Ainda não vivi e talvez não chegue a vivenciar a volta da anestesia sem minha mama esquerda mas seguir a orientação dos médicos e me preparar para este momento me fez entender que a reconstrução imediata provavelmente me levaria a não perceber muitos vazios. Pelo menos de forma imediata, eu não me sentiria invadida pela ausência dos espaços simbólicos ocupados por esse órgão que carregamos no peito a vida toda. A mama é alimento, sustento, proteção, beleza, amor, sedução, prazer, sexo. A mama é feminino e masculino. Não à toa, cânceres habitam nossas mamas homem e mulher desde sempre. Mas, no feminino, a mama também é fetiche, objeto, tabu, pornografia. Se acontecer, acordar sem uma das minhas mamas vai sim me afetar porque o vazio que vai se revelar vai tornar muitas coisas presentes.

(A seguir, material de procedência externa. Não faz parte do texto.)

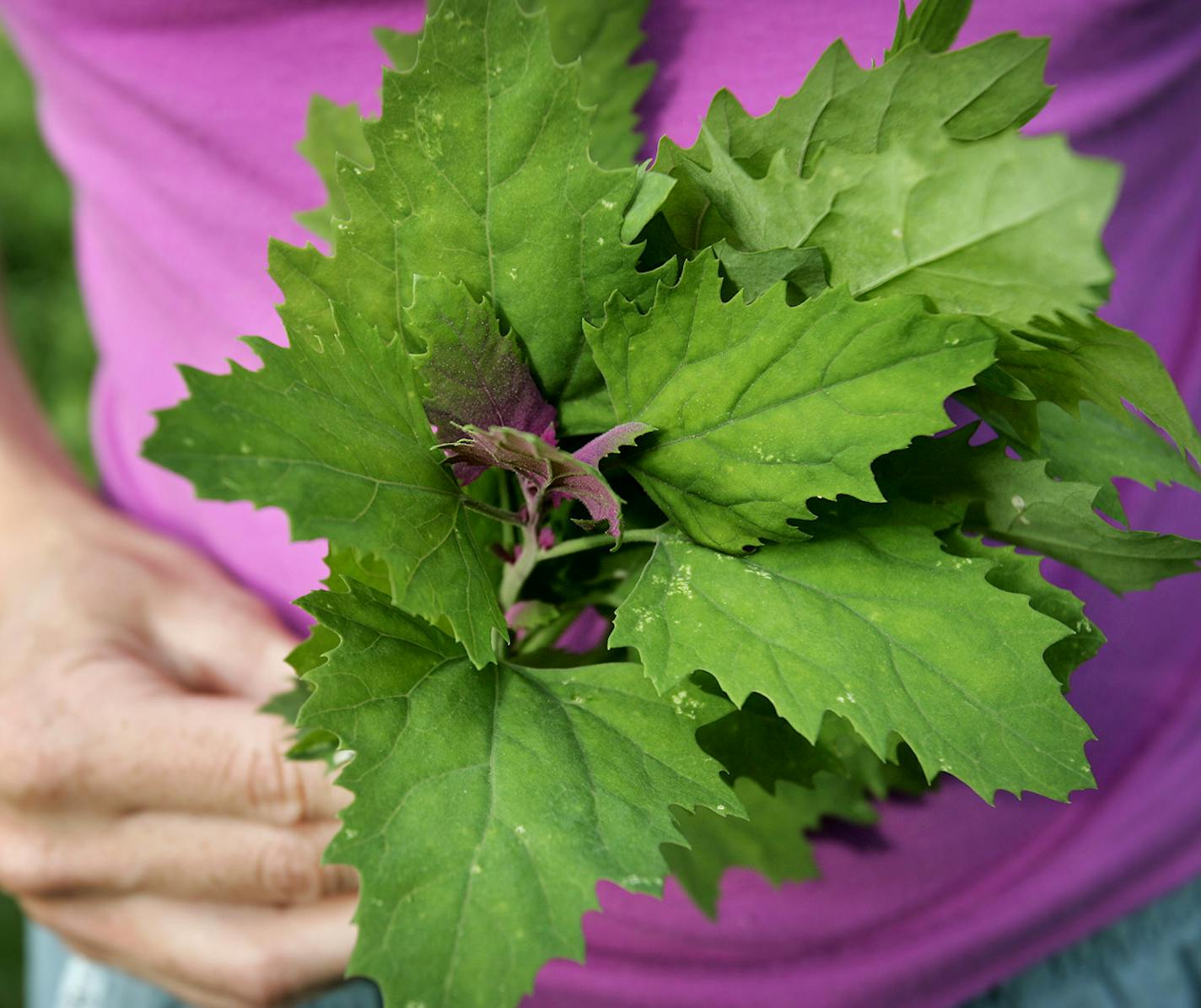 Popular among foragers, leafy lamb's quarters are similar to spinach.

Coisas que virão de fora e de dentro acessando meus apegos à forma, ao aparente, ao visível, ao olhar do outro.
Dia desses, uma amiga me convidou a ponderar sobre a possibilidade de tudo isso que tenho vivido ser uma agressão ao meu feminino, algo que ela pensou por saber que, além da mama que agora vai me deixar, vivi a partida dos meus ovários há 1 ano e meio e do meu útero há 2 meses . Claro que aceitei o convite e, mais uma vez, pensei muito, o suficiente para concluir que não, o que estou vivendo não é uma agressão ao meu feminino, é uma resposta a décadas de agressão. Uma consciência que surge enquanto me convida a me reconhecer e celebrar mulher sem aquilo que aprendemos a acreditar que, sozinho, nos define.
Os médicos pediram que eu me preparasse para a mastectomia e sinto que me preparei para uma vida inteira. Volta e meia eu acredito que essa jornada é pra curar muito mais que um câncer. Aos quase 59 anos estou aqui, sem hormônio, sem ovário e sem útero, mas totalmente grávida de mim.
Ana Cortat, vice-presidente executiva da Agência Soko, fundadora da Hybrid Collab e ativista em causas raciais, de gênero e LGBTQIAPN+, escreveu esse texto em 8 de fevereiro de 2024, após realizar a sessão de fotos com a artista Maria Ribeiro.